A heartbroken Denver man has successfully sued a local bar for sponsoring a Ladies’ Night, in which women pay less for their drinks. General theory is that bars are common carriers and therefore must comply with anti-discrimination laws. A differential pricing structure is, according to Steve Horner, discriminatory and worth fighting. The pachyderm agrees with him on constitutional grounds: in order to exempt frivolous matters (i.e. half-price beers) from non-discrimination laws, the courts would have the thankless job of determining what is frivolous and what constitutes actual discrimination worth a remedy.
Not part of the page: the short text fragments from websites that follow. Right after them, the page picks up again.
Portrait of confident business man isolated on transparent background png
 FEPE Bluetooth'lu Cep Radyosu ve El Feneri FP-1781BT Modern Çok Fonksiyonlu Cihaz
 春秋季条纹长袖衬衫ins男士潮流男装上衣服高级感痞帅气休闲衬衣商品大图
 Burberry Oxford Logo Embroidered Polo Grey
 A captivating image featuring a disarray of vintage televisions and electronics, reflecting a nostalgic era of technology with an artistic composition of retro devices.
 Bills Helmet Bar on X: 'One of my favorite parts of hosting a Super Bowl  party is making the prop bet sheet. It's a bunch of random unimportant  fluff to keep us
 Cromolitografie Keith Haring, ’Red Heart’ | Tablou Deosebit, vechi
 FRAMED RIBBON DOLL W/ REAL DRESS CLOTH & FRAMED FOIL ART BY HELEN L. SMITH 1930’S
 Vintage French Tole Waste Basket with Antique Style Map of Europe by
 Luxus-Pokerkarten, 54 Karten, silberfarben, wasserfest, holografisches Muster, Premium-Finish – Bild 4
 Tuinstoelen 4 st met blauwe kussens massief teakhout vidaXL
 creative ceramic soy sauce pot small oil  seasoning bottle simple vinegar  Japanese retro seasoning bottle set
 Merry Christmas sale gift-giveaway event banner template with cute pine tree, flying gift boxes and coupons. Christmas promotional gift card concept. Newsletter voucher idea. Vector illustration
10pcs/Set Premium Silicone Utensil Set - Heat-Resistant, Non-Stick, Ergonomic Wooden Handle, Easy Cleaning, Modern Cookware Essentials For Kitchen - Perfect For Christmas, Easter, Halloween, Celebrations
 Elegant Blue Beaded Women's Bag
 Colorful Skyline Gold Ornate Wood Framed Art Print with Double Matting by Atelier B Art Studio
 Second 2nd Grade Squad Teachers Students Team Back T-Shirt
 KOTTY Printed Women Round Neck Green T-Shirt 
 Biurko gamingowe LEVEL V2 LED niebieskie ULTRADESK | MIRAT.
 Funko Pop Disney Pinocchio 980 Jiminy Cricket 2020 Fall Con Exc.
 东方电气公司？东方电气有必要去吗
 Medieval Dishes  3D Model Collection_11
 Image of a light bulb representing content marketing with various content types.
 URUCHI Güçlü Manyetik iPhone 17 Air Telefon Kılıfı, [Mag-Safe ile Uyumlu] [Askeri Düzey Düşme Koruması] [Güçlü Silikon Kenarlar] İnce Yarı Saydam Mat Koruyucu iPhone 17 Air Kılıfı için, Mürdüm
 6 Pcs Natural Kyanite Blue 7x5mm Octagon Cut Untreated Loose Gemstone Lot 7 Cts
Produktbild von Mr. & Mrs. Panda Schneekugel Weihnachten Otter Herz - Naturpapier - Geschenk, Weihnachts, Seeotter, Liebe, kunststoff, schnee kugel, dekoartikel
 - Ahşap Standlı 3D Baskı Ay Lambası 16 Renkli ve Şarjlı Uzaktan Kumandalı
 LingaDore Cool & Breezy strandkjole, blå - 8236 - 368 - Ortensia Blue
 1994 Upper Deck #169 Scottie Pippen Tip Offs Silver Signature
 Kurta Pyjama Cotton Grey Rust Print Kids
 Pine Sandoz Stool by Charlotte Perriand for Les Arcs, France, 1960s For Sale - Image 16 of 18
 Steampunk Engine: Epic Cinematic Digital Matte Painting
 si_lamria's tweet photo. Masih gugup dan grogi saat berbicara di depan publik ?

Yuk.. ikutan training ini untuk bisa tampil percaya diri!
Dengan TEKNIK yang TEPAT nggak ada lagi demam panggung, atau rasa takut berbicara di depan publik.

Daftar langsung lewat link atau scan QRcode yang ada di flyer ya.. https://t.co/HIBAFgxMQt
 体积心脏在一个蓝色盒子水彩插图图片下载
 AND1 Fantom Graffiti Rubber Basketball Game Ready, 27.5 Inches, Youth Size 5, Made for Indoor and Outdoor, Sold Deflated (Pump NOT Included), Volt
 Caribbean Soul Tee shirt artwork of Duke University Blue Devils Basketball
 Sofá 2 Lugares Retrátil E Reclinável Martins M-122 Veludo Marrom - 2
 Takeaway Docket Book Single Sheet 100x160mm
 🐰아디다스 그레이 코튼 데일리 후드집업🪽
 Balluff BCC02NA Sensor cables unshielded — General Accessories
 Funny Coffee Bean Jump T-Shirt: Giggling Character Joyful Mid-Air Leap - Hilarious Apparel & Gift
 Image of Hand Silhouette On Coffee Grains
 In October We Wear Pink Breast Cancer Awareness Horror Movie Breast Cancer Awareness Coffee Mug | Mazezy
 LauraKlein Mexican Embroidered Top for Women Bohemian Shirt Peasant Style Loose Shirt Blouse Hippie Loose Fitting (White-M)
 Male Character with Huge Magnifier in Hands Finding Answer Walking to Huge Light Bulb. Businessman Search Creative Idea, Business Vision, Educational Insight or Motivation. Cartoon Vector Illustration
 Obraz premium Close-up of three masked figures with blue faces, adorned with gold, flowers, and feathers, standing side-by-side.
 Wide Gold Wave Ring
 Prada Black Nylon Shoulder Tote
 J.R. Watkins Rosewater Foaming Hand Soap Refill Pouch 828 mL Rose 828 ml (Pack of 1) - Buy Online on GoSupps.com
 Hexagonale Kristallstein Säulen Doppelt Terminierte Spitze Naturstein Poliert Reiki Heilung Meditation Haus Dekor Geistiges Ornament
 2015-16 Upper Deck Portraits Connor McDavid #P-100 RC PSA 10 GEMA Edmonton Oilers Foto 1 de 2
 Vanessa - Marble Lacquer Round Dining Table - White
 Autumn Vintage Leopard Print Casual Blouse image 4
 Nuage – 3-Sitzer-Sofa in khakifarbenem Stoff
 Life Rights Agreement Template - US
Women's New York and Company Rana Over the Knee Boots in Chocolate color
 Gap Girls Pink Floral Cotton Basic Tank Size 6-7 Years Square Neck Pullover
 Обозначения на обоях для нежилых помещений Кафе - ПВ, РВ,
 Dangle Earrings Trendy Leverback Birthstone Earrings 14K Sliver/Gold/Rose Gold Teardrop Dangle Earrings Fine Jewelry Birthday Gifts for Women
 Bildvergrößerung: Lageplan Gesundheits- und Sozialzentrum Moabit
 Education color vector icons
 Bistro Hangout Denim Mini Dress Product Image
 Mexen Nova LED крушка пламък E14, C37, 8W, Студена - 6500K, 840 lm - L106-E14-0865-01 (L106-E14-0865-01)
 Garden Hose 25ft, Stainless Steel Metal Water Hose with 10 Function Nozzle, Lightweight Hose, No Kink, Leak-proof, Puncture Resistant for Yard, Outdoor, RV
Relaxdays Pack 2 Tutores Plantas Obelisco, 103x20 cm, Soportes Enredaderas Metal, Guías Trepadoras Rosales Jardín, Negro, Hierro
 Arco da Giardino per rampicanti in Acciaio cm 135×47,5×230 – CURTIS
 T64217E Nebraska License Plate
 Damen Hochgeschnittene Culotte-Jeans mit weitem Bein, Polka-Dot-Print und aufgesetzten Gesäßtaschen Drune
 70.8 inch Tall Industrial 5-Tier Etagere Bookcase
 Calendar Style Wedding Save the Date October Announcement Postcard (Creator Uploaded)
Yet, she has a tough time mustering up much indignation over the price of beverages.
Despite this, she finds Mr. Horner to be misguided. He states that it “takes [him] five minutes to be discriminated against.” This pachyderm cannot imagine the senselessness in deliberately seeking out discrimination – not to end it, but to make money. (She wonders if there is an equity defense: should someone be reimbursed for discrimination deliberately sought out?) Furthermore, he isn’t “being charged more” for his drinks – he just is not allowed to get a discount. His drinks don’t cost any more on Ladies’ Night than on any other evening.
This brings the pachyderm to her ultimate complaint: the free market. Bars like to have enough women so that men will enjoy themselves (and patronise the establishment). Women who walk into a bar that is filled mostly with men will leave. The pachyderm would not care if men were offered a discount on ballroom dancing courses in an attempt to make the experience better for the women who attend. If a bar wants to offer, and a woman wants to accept, discounted drinks in exchange for her presence, it is their perogative. Voila! Free market.